The study examines three advanced LLMs—Claude Sonnet, Gemini, and GPT-4—designed to manage large contexts across different settings. It finds that NEPA documents pose significant challenges for these models, particularly in understanding complex semantics and processing lengthy texts. Additionally, the researchers implement an RAG approach based on the methodology described in the research paper here.
Results
The findings indicate that models enhanced with the RAG technique perform better than those simply fed with the entire PDF content as a long context. This suggests that incorporating relevant knowledge retrieval can significantly boost the performance of LLMs on tasks involving complex document comprehension, like those required in the NEPA domain.

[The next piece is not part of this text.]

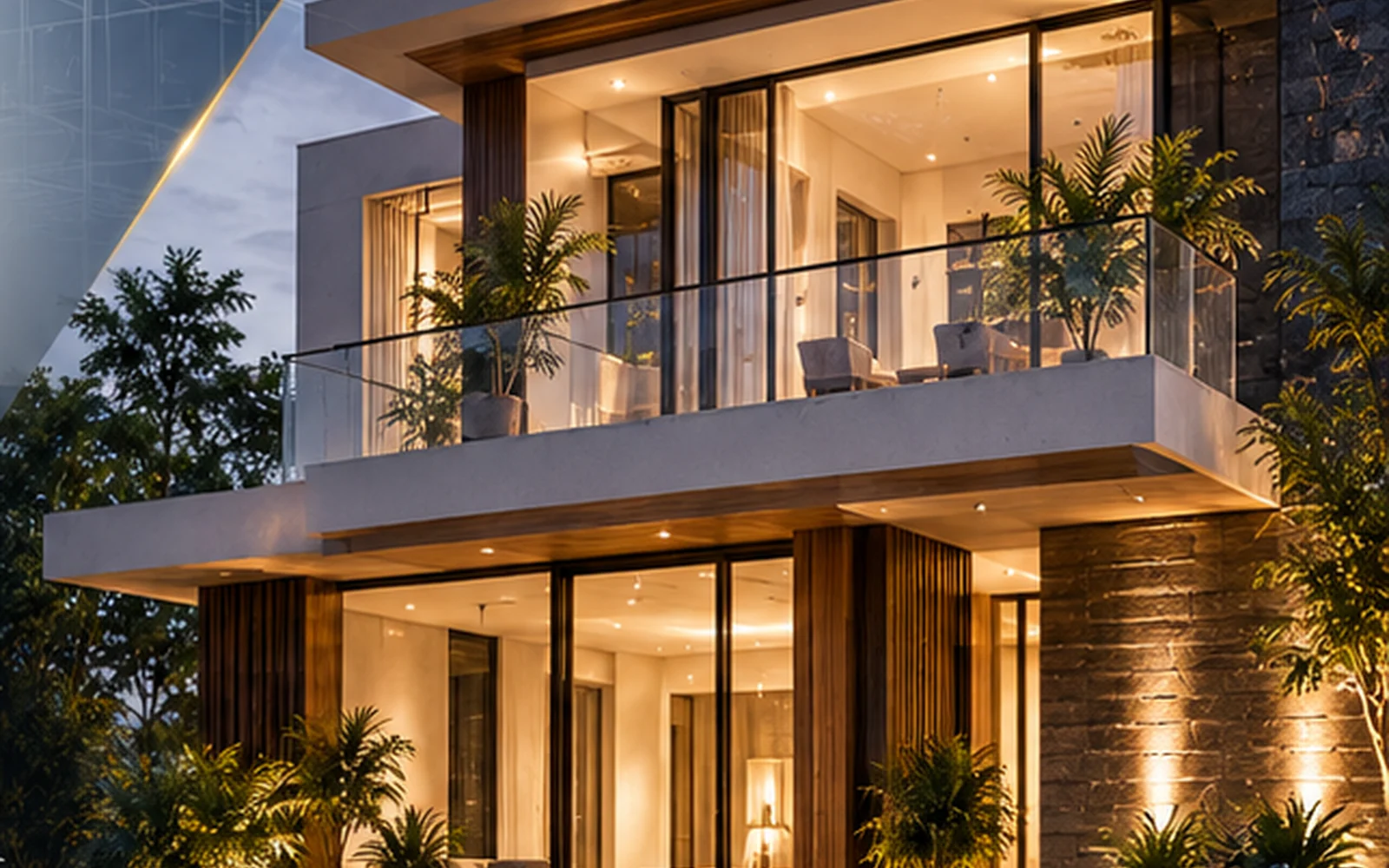 Architecture & Interior Design Services | SOGNO Sri Lanka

The study's analysis of LLM performance across various question types indicates that all models excel at closed questions when provided with silver (RAG context) or gold data as context. Notably, RAG models and those using other contextual data generally perform best on closed questions but struggle with divergent and problem-solving questions, highlighting the effectiveness of RAG in enhancing performance for specific question types.
Conclusion
Long-context LLMs handle extensive text well but are costly due to high computational demands. RAG models, which integrate external knowledge, particularly excel at closed questions and specific tasks like NEPA document comprehension. While long-context models generally outperform RAG on long-context understanding tasks, RAG remains crucial for certain applications. Thus, RAG will continue to play a significant role alongside long-context LLMs.By employing advanced query understanding and tailoring RAG techniques to specific datasets, its performance could be further enhanced, ensuring it remains a valuable tool in various applications.